Back in the sepia-toned days of the 2002 World Cup, much of the American team that reached the quarterfinals was based in the US. Integral contributors like Cobi Jones, Brian McBride, and Eddie Pope hailed from MLS teams. Now, the 15-year-old league seems marginal, at best. Out of the established core of starters, only Landon Donovan currently plays for an MLS club, and his future in the US is in doubt, thanks to his recent successful loan stint at Everton.

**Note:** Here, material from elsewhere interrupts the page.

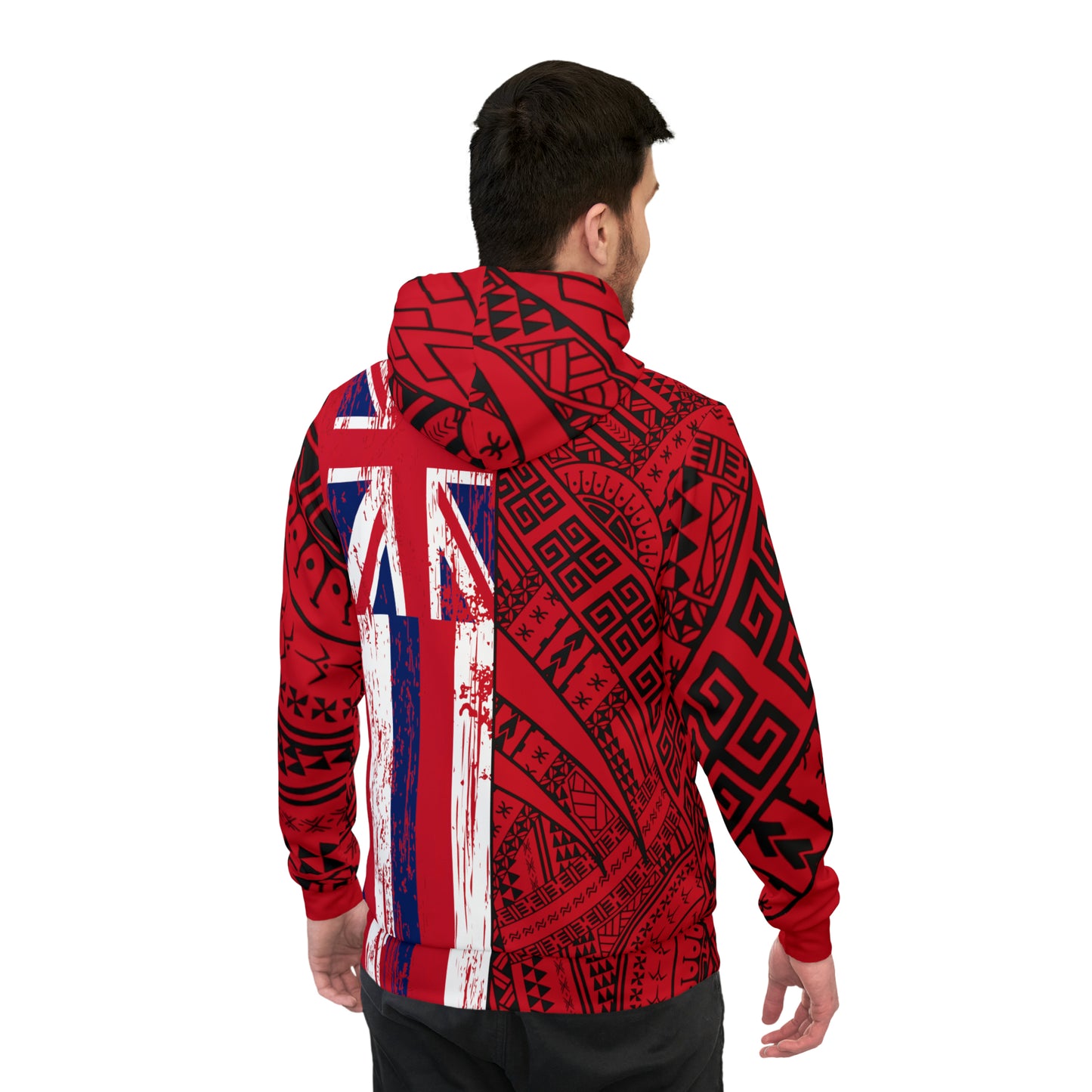 Polynesian Tribal w/ Hawaiian Flag Athletic Hoodie (AOP) 1Up! 2 red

The vast majority of American players heading to South Africa this summer will be European-based.
Some might be tempted to say that the top level of American soccer has outgrown MLS. Young American standouts, like Stuart Holden and Jozy Altidore, are leaving earlier than ever to test themselves in Europe.
But while Major League Soccer’s days as provider of top USMNT stars may be coming to an end, it still has four important responsibilities.
First, it provides a reliable stream of backup and squad players who have experience playing first team soccer. Players like Sacha Kljestan, Brian Ching, and Jonathan Bornstein may not be the marquee names in the US setup, but they provide a valuable, experienced reserve for Bob Bradley to call upon.
Second, not all foreign careers pan out, and Major League Soccer offers a comfortable place for American players to regroup and rehabilitate careers that seemingly went off the track abroad. This safety net has brought back players like Heath Pearce, Michael Orozco, and Clint Mathis.
Third, MLS has an absolutely sterling record when it comes to developing players for the US national team. Of the current crop, some former MLS players include Tim Howard, Carlos Bocanegra, Clint Dempsey, Jozy Altidore, Michael Bradley, and Stuart Holden. Much of this is down to MLS providing talented young players with plenty of exposure to first team football at an early stage in their career.
Finally, and perhaps most vitally, MLS is charged with growing the popularity of soccer itself in North America. USMNT games are big events, but far too infrequent to sustain the attention of the casual fan. MLS is the stable, solid foundation on which the American soccer empire is being built.